Pattern Recognition

Today the inaugural lecture by one of our new professors, Prof. Dr. Harald Welzer, took place at work, and he spoke well and eloquently about ‘the great transformation,’ about what can be done to transform societies into societies that can survive in the future, and what some of the problems with the whole scenario are (lots). The last time society was profoundly transformed was the first industrial revolution, and we’re arguably still struggling with that, and that was not a transformation that was implemented top-down, but rather that grew haphazardly out of a variety of confluences and circumstances. I’ve read about the dialectic of people being concerned about the environment on the one hand and not implementing any lifestyle changes in their own lives here and there (and everywhere), but a new perspective on it was interesting, especially since he mentioned some books and writers I’ve not yet read (second hand book places, here I come). I’ve also mostly been looking at it from an ecocritical perspective, not a socio-political one, given the nature of the book I recently finished writing. It’s all similar, though, from a variety of angles, and some points of his talk just made me think of Margaret Atwood’s novel Oryx & Crake, where the difficulty of stopping a destructive process once it has reached a certain momentum is also discussed. Everyone’s banging their head against the same wall, trying to stop what might well be inevitable, for reasons manifold and plenty and mostly indeed psychological and socio-political.
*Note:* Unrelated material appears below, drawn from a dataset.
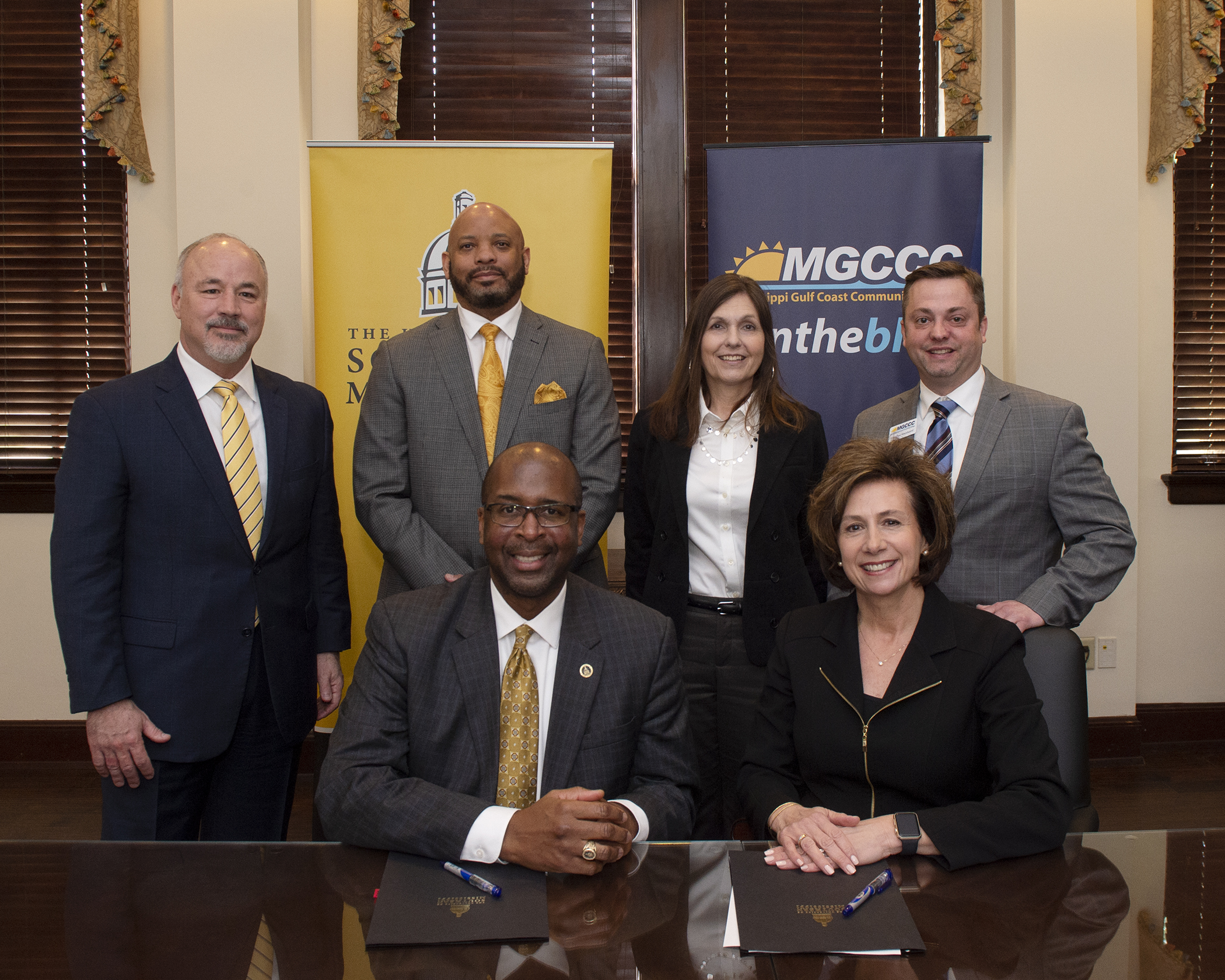 ) Seated are Dr. Rodney D. Bennett, USM president, and Dr. Mary S. Graham, MGCCC president. Standing, from left, are Dr. Steven R. Moser, provost and senior vice president for Academic Affairs at USM; Dr. Alfred Rankins Jr., Mississippi Institutions of Higher Learning Commissioner Of Higher Education; Dr. Andrea Mayfield, executive director of the Mississippi Community College Board; and Dr. Jonathan Woodward, MGCCC executive vice president, Teaching & Learning/Community Campus.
“Change can be accommodated by any system depending on its rate,” Crake used to say. “Touch your head to a wall, nothing happens, but if the same head hits the same wall at ninety miles an hour, it’s red paint. We’re in a speed tunnel, Jimmy. When the water’s moving faster than the boat, you can’t control a thing.”

I listened, thought Jimmy, but I didn’t hear.

I, too, think we’re in a speed tunnel, or approaching it fast – even if not the same as the one in Oryx & Crake turns out to be. But we’re listening but not hearing, too. (Have you read Oryx & Crake? Read Oryx & Crake!)